Data for this task Block Start
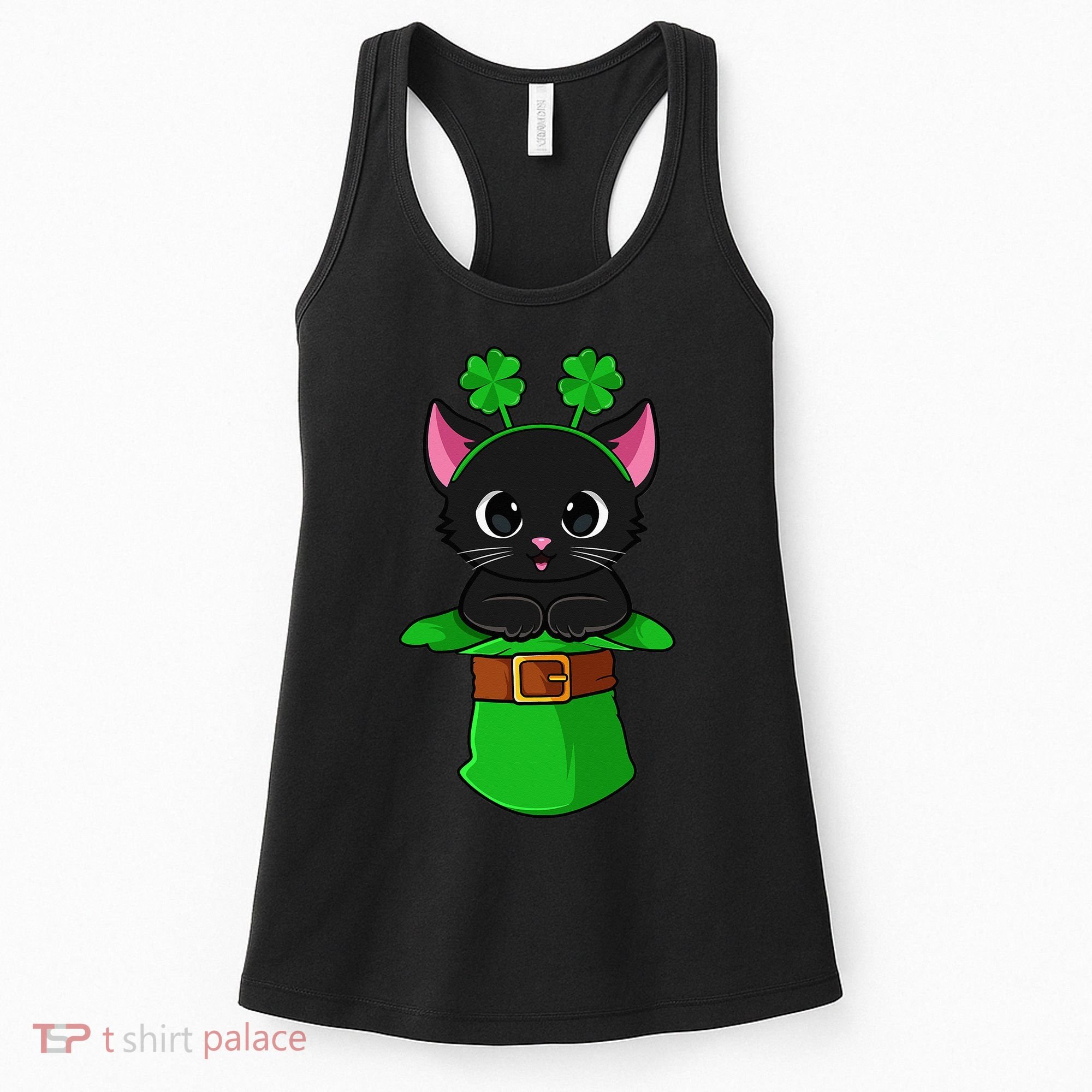 Cat St Patricks Day Leprechaun Shamrock Kitten Women's Tank Top
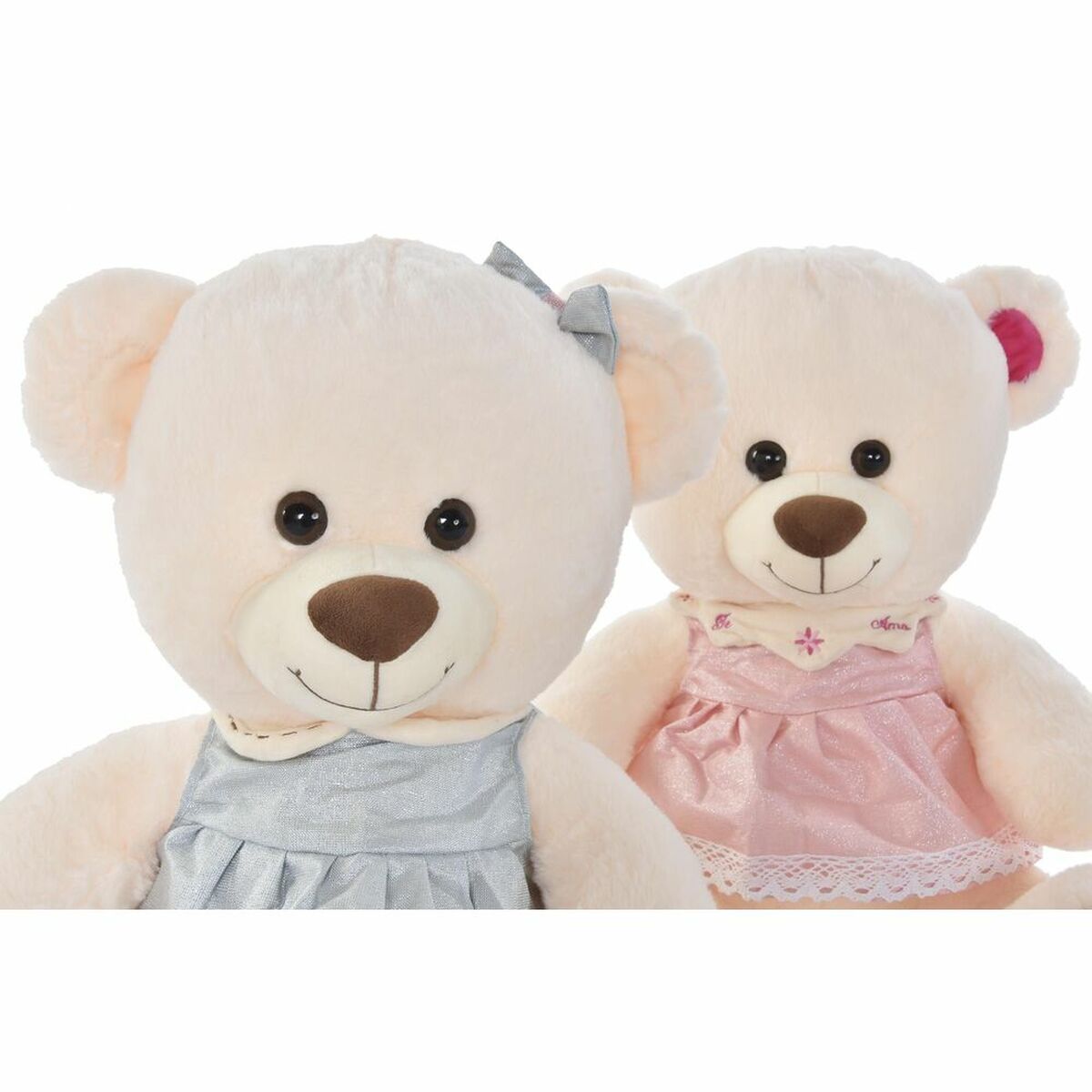 Teddy Bear DKD Home Decor Beige Pink Green Children’s 20 x 20 x 50 cm Bear (2 Units)
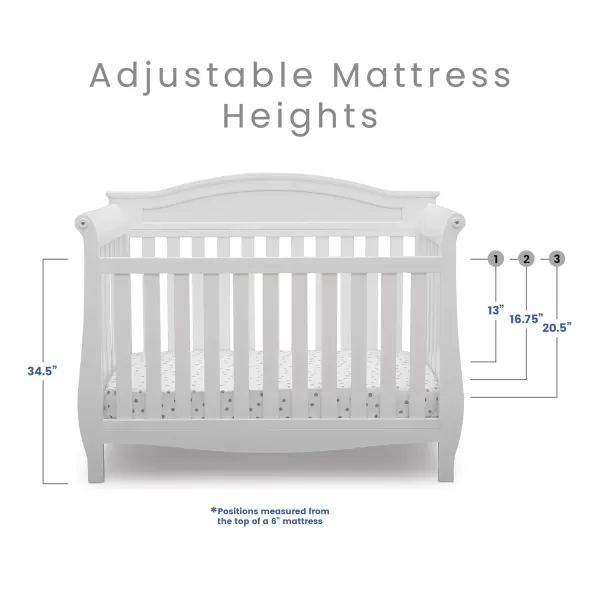 Delta Children Lancaster 4-in-1 Convertible Baby Crib, Bianca White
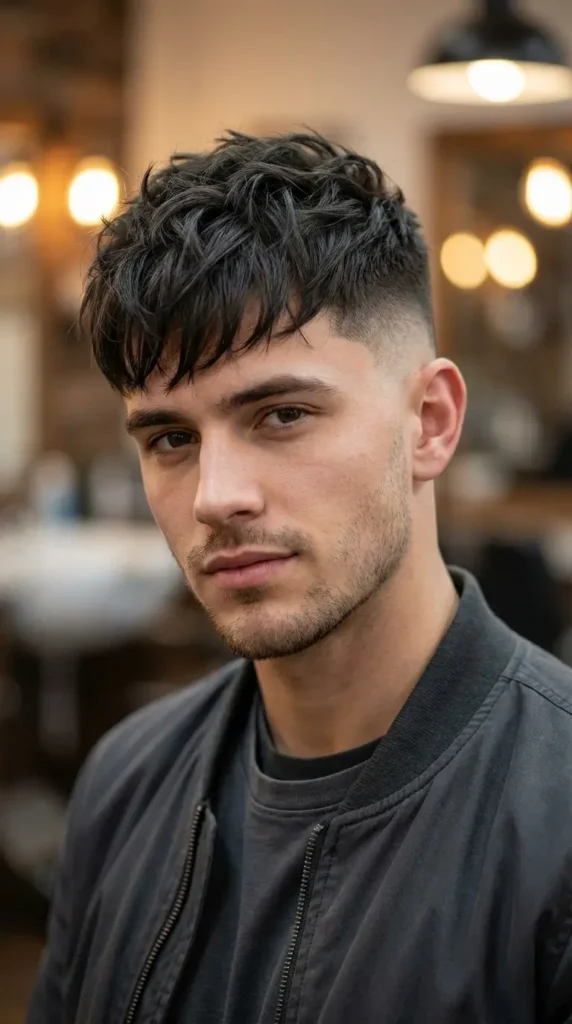 Skin Fade Messy Fringe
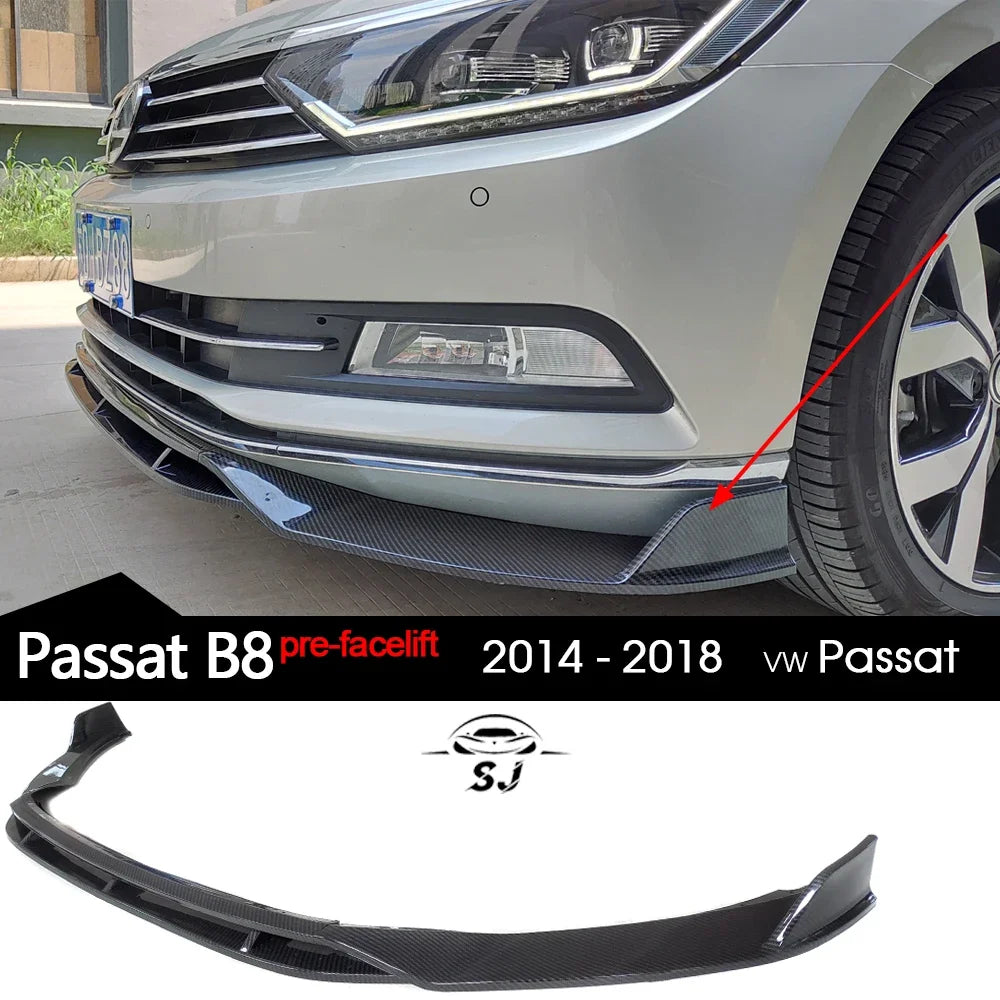 Carbon Fiber Printing Gloss Black Front Bumper Lip Spoiler for Volkswagen VW Passat B8 (pre-facelifted) 2014 - 2018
Data for this task Block End
Your assignment.
Please print all of the records above exactly, omitting each picture.

The completed task.
 Cat St Patricks Day Leprechaun Shamrock Kitten Women's Tank Top
 Teddy Bear DKD Home Decor Beige Pink Green Children’s 20 x 20 x 50 cm Bear (2 Units)
 Delta Children Lancaster 4-in-1 Convertible Baby Crib, Bianca White
 Skin Fade Messy Fringe
 Carbon Fiber Printing Gloss Black Front Bumper Lip Spoiler for Volkswagen VW Passat B8 (pre-facelifted) 2014 - 2018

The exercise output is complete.